What to work on: Set out exactly every line of the entries below, starting at the line that holds "A bright open-plan" and stopping after the line that holds "Conjunto de roupa".

Material for this task:
□ □ □ □ □
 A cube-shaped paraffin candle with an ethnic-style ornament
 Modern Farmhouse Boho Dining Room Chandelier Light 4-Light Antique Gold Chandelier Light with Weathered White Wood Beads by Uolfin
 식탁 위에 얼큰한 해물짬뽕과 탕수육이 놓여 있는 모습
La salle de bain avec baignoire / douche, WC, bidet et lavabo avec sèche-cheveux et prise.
□ □ □ □ □
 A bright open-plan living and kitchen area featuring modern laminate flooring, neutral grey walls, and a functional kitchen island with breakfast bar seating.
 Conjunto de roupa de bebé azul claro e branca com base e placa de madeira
□ □ □ □ □
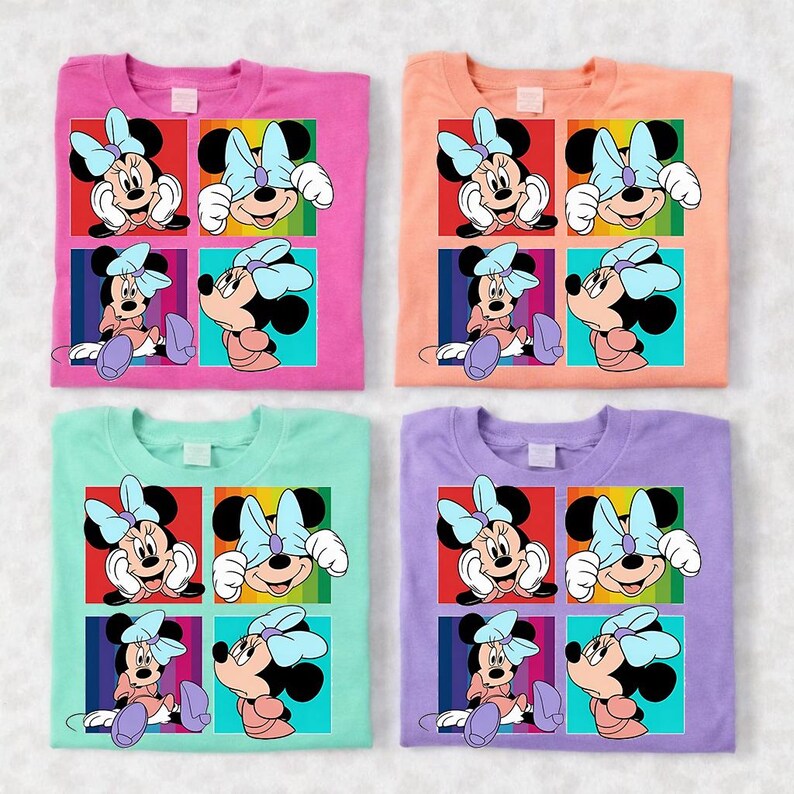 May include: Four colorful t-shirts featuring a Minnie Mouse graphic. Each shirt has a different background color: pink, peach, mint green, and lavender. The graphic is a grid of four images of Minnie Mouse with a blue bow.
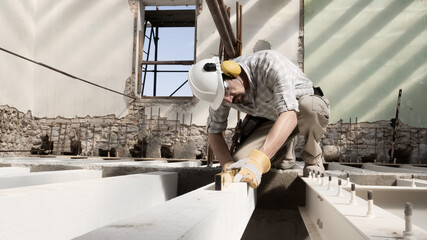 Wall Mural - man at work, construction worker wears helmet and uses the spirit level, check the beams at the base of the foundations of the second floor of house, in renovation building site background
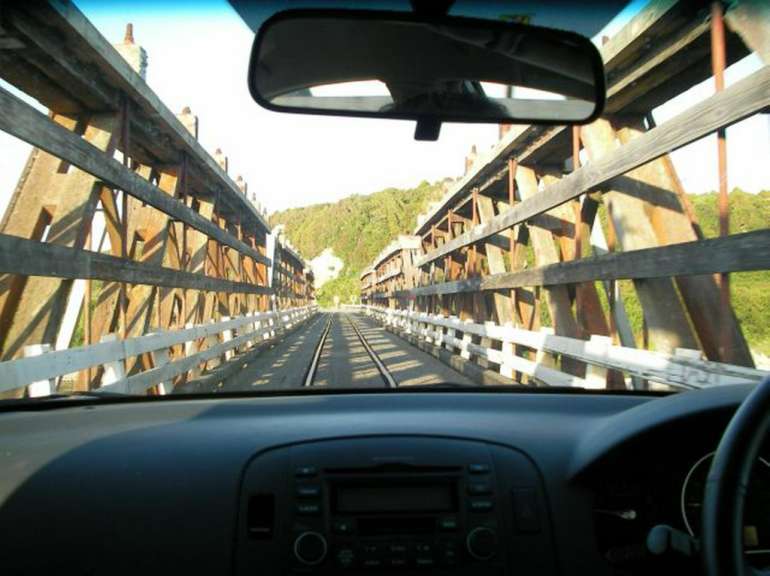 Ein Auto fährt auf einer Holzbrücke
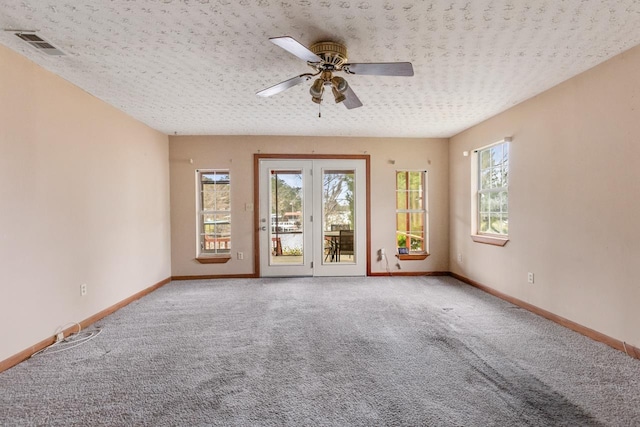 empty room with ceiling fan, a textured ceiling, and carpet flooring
□ □ □ □ □
Task answer:
 A bright open-plan living and kitchen area featuring modern laminate flooring, neutral grey walls, and a functional kitchen island with breakfast bar seating.
 Conjunto de roupa de bebé azul claro e branca com base e placa de madeira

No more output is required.